:: Source material
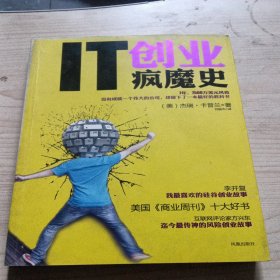 IT创业疯魔史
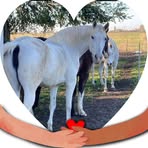Mirella Bianchini - Facebook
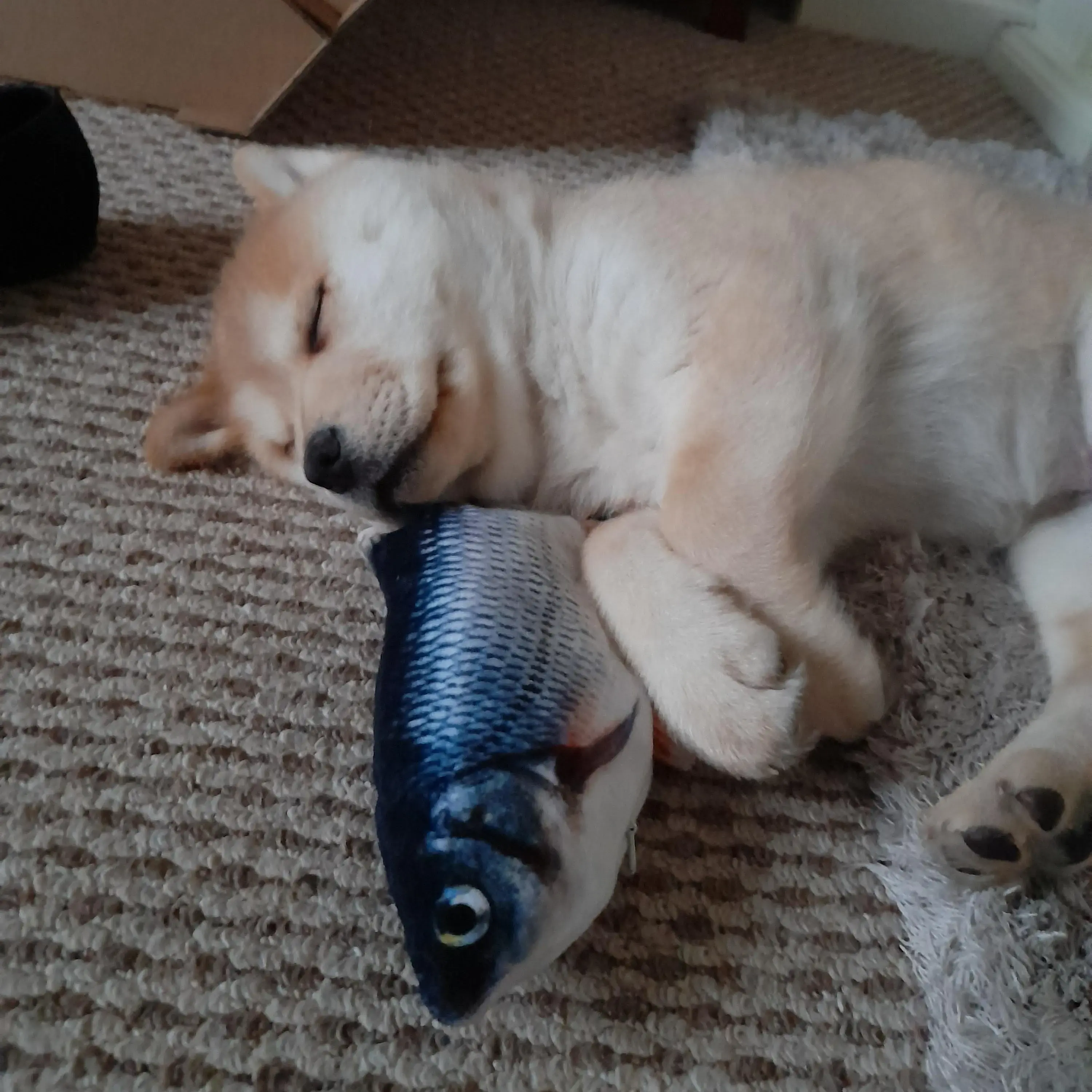 Siberian Husky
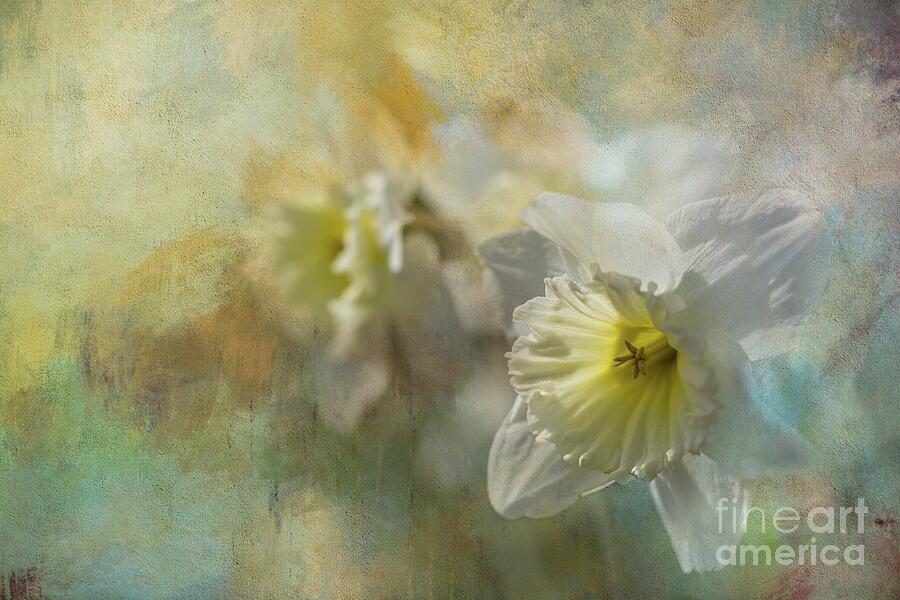 Flower Photograph - Spring Daffodils by Eva Lechner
::::
- [What you should do]
Restate the data word for word without pictures.

- [Exercise result]
 IT创业疯魔史
Mirella Bianchini - Facebook
 Siberian Husky
 Flower Photograph - Spring Daffodils by Eva Lechner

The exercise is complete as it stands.